Slasher, Scream : relectures réussies d’un genre tranchant
La mauvaise fortune des figures de proue de l’horreur télévisuelle a laissé du champ à des challengers aux atours plus modestes, qui travaillent façon hommage le slasher, sous-genre horrifique tranchant mettant généralement en scène une bande de jeunes gens en prise avec un mystérieux tueur adepte des armes blanches. Adaptation par MTV de la saga gore et méta de Wes Craven, Scream s’était révélée l’an dernier convaincante par son énergie teen et sa capacité à jouer de manière ludique avec les technologies contemporaines, et a été récemment renouvelée pour une troisième saison.

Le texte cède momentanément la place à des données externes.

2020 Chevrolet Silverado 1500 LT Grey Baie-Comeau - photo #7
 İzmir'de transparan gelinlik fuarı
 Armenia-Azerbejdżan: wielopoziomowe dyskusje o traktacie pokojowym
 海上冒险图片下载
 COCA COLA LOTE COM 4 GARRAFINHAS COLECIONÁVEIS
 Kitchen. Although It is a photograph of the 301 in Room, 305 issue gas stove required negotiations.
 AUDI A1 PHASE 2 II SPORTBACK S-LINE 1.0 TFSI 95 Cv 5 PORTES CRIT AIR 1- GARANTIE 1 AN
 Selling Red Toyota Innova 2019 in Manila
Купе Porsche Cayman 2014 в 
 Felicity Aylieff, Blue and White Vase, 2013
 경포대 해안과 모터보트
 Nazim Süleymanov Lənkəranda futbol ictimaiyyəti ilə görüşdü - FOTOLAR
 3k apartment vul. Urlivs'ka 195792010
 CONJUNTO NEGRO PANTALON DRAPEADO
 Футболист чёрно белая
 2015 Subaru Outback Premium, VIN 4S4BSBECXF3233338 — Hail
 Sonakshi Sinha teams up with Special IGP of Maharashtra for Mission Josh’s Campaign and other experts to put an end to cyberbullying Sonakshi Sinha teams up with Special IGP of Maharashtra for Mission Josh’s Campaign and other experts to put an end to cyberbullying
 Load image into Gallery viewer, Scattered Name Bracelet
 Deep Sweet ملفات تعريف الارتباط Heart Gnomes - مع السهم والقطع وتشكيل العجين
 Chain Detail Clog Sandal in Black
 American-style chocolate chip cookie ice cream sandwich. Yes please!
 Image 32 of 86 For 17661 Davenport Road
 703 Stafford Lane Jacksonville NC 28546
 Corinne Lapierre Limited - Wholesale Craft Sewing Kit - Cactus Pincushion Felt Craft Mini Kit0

Petite pépite Netflix, l’anthologique et bien nommée Slasher s’assume quant à elle comme un geste d’artisan efficace et sans prétention. Après une première saison proche du Halloween de John Carpenter, la seconde volée d’épisodes, titrée Les Bourreaux, est un huis-clôt hivernal meurtrier dans un chalet isolé, dont les protagonistes ne sont pas si innocents que ça. Tous les attendus sont au rendez-vous et, plus que la surprise d’un geste nouveau, c’est l’amour d’une forme connue et épousée avec application qui fait ici mouche.
Stranger Things, Twin Peaks : l’horreur là où on ne l’attend pas
Les gestes horrifiques les plus flamboyants de l’automne se sont nichés dans des séries aux formes et thématiques plus vastes, contaminant les commissures du réel depuis son envers de cauchemars et renouant ainsi avec une capacité de saisissement profond du spectateur. La deuxième saison très réussie de Stranger Things, création fantastique des frères Duffer carburant à l’imagerie 80’s, a ainsi déployé des visions d’horreur stupéfiantes, puisant dans les traumas de l’enfance et les angoisses d’une époque. On se souviendra longtemps de cette gigantesque créature enserrant la ville de ses tentacules d’ombre, ou de la horde de chiens des Enfers surgissant la bave aux crocs d’un puits sans fond.
Un même fond d’horreur a irrigué en éclats déchirants la troisième saison de Twin Peaks, la série culte de David Lynch. Alors que le cinéaste y élargit son monde en une œuvre-somme, il connecte également l’intrigue à des nœuds fondamentaux du Mal contemporain, faisant littéralement surgir les démons de la première explosion atomique. D’une adolescente avalant un insecte mutant dans son sommeil à une mère endeuillée rongée par ses démons intérieurs, les visions horrifiques trouent la narration de manière inattendue, et impactent la rétine, les tripes et le cœur avec plus de force et de justesse que les plus grandes hordes de zombies.